Kampf um die Wahrheit

„The Tale“ erzählt wahrheitsgetreu, wie Jennifer versucht, Klarheit über das, was geschehen ist, zu bekommen, teilweise im Kampf gegen die eigenen Erinnerungen. Und lässt dabei schließlich die erwachsene Jennifer auf ihr 13-jähriges Ich treffen:
„- Du hast mich belogen. Du hast mir all die Jahre gesagt, dass es etwas Gutes war.
- Das war es ja auch! Du willst, dass ich mich wie ein jämmerliches Opfer fühle, aber das bin ich nicht.
- Du wirst nie heiraten, nie Kinder kriegen.
- Das will ich auch nicht. Ich bin echt nicht das Opfer, ich bin die Heldin.“

„Wir dürfen nicht mehr wegschauen“

Regisseurin Jennifer Fox

Isabelle Nelisse, die im Film die junge Jenny spielt, ist zu Beginn der Dreharbeiten elf Jahre alt. Und wird am Set von ihrer Mutter begleitet und von Therapeuten betreut. Doch für die eigentlichen Missbrauchsszenen wird sie von einer erwachsenen Schauspielerin gedoubelt, Isabelles Gesicht wird nur dazwischen geschnitten. Sie liegt nicht mal auf einem Bett, sondern lehnt sich stehend an ein vertikal aufgestelltes Bett. Ihre Haare werden breit aufs Kissen gepinnt, damit es aussieht, als ob sie liegt.

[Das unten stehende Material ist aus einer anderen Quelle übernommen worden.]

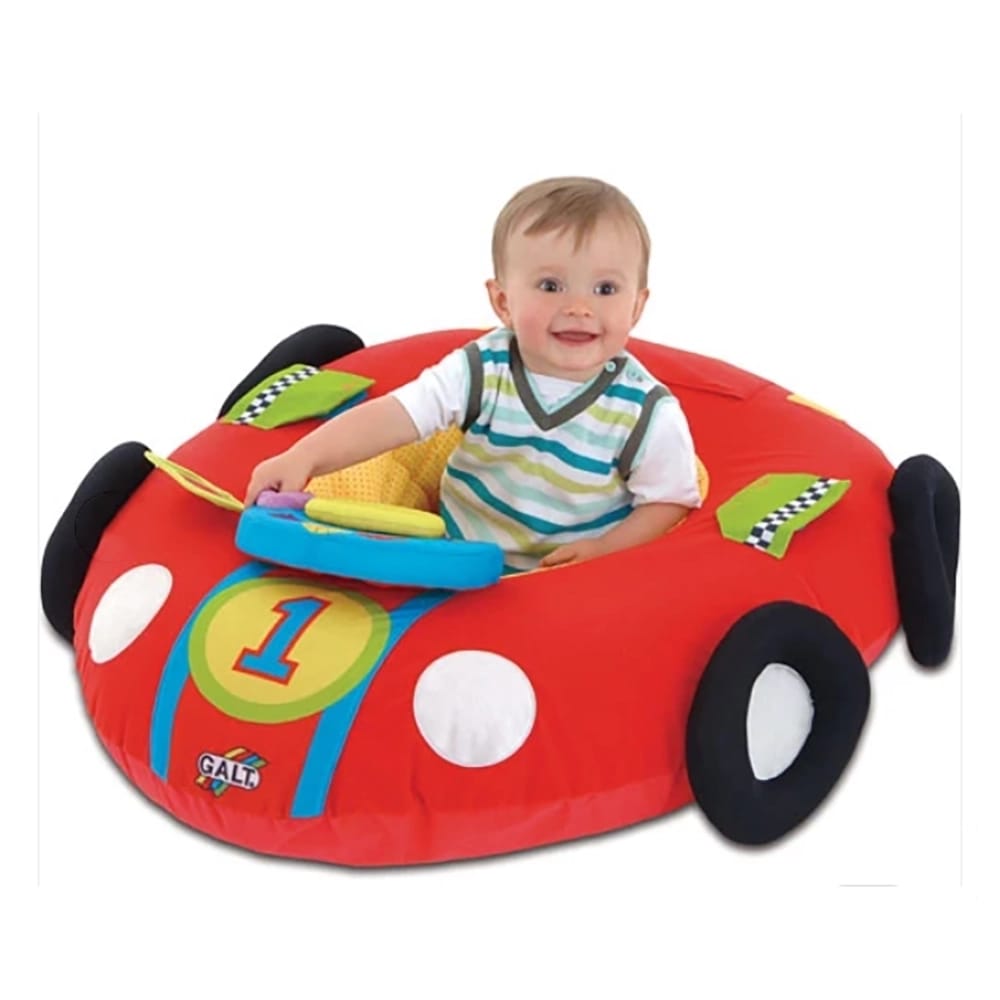 Galt Playnest Kids Plush Toy Car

Darauf weist der Film an Ende hin. Doch an der Schockwirkung der Szenen während des Films ändert das wenig. Jennifer Fox weiß natürlich, wie hart diese Szenen sind. Aber ohne sie hätte sie diesen Film nicht gemacht: „Ganz ehrlich, ich habe Filme satt, die einfach ins Schwarzbild blenden, sobald das Kind mit dem Erwachsenen durch die Tür geht. Die einzige Möglichkeit, um unsere Wahrnehmung zu verändern, ist: Die Leute müssen diesen ganz gewöhnlichen Horror von sexuellem Missbrauch sehen. Es gibt da so viele Lügenmärchen drüber. Beispielsweise: Vielleicht gefällt es dem Kind ja auch ein bisschen. Zumindest bei mir war dem nicht so. Wir sehen, wie schlimm es war. Dass ich mich jedes Mal danach übergeben musste. Wir dürfen da nicht mehr wegschauen.“

Stehende Ovationen, zwei Emmy-Nominierungen

Damit der Film möglichst viele Menschen erreicht, hat sich die Regisseurin entschieden, „The Tale“ nicht altmodisch ins Kino zu bringen – sondern setzt auf Streaming via HBO oder Sky. Auf dem Filmfest München konnte man „The Tale“ aber im Kino schauen. Jedes einzelne Mal war der Saal voll. Jedes einzelne Mal gab es am Ende stehende Ovationen – was ziemlich ungewöhnlich ist in München. Und wer nach dem Film nicht sofort davon ist, hat es jedes einzelne Mal sehen können: Dutzende Frauen, die Regisseurin Fox unter Tränen umarmten. Und ihr für den Mut dankten, dass sie ihre Geschichte erzählt hat.